Non-standard monetary policy measures: where do we stand?
Speech by Benoît Cœuré, Member of the Executive Board of the ECB,at the International Monetary Seminar “Sovereign Risk, Bank Risk and Central Banking” organised by the Banque de France,Paris, 10 July 2013
Ladies and Gentlemen [1],
It is a great pleasure to be at the Banque de France today to speak at the 2013 International Monetary Seminar.
In my remarks, I would like to look back on the policy actions, and especially the non-standard measures, undertaken by the ECB over the past five years.
As in other countries, such measures were ultimately inspired by the goal of averting the risk of more severe consequences of the financial crisis on the macroeconomy and, ultimately, on price stability. The exact non-standard measures deployed to achieve this goal, however, differ across economic areas. I would like to take this opportunity today to highlight how the specific measures implemented by the ECB were designed to tackle the peculiar euro area phenomenon of “financial fragmentation” — that is, the observation of fault lines in the flow of funds between savers and borrowers specifically shaped along national borders, and accompanied by capital repatriation and sharp increases in the home bias.
Financial fragmentation has manifested itself in the form of strong divergences between sovereign yields and ensuing differences in the cost of funding across banks, depending on the country in which these banks operate. In turn, owing to the relationship aspects of bank lending, cross-country fragmentation in banks’ funding costs have been reflected in a disparity of financing conditions offered to firms, with an increase in the dispersion in retail interest rates on loans, and especially small loans, to non-financial corporations. Lending rates have tended to follow the path of key ECB rates in some countries, but not in others.. While the rate charged by the ECB on its main refinancing operations (the so-called MRO rate) was cut by 50 basis point between end-May 2012 and end-May 2013, the rate charged by banks on their loans to non-financial corporations went down by more than 50 basis points in Germany, 25 basis points in Spain and less than 20 basis points in Portugal. [2]

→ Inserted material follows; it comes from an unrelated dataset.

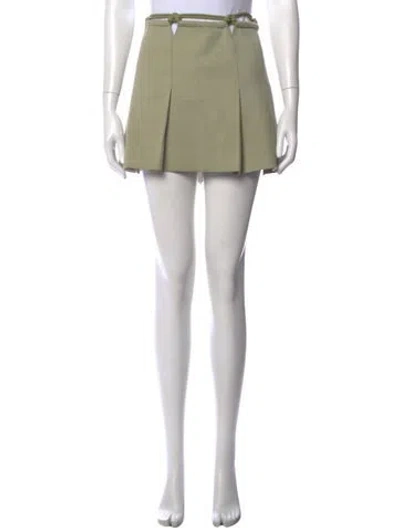 Pre-owned Dion Lee Cutout Accent Mini Skirt In Green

All in all, financial fragmentation has exacerbated cyclical fluctuations, leading to an inefficient allocation of capital across countries and altering in an erratic fashion the transmission of monetary policy impulses.
Under such circumstances, and within the ECB price stability mandate, some of our non-standard monetary policy measures have been geared at responding to financial fragmentation. In so doing, we have followed three general principles.

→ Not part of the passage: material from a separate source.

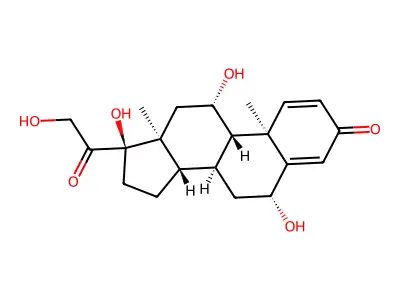 6,11,17,21-Tetrahydroxypregna-1,4-diene-3,20-dione structure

The first principle is the simplest and best understood. It prescribes that any provision of excess liquidity should be specifically targeted towards the market which is most impaired by funding constraints. This principle ultimately amounts to ensuring that the provision of liquidity produces the most beneficial effect per unit of intervention. The ECB adhered to this principle, for example, when in 2008 it decided to apply full allotment in its liquidity-providing tender operations. This policy ensures that liquidity can automatically reach the sets of banks with greater funding difficulties.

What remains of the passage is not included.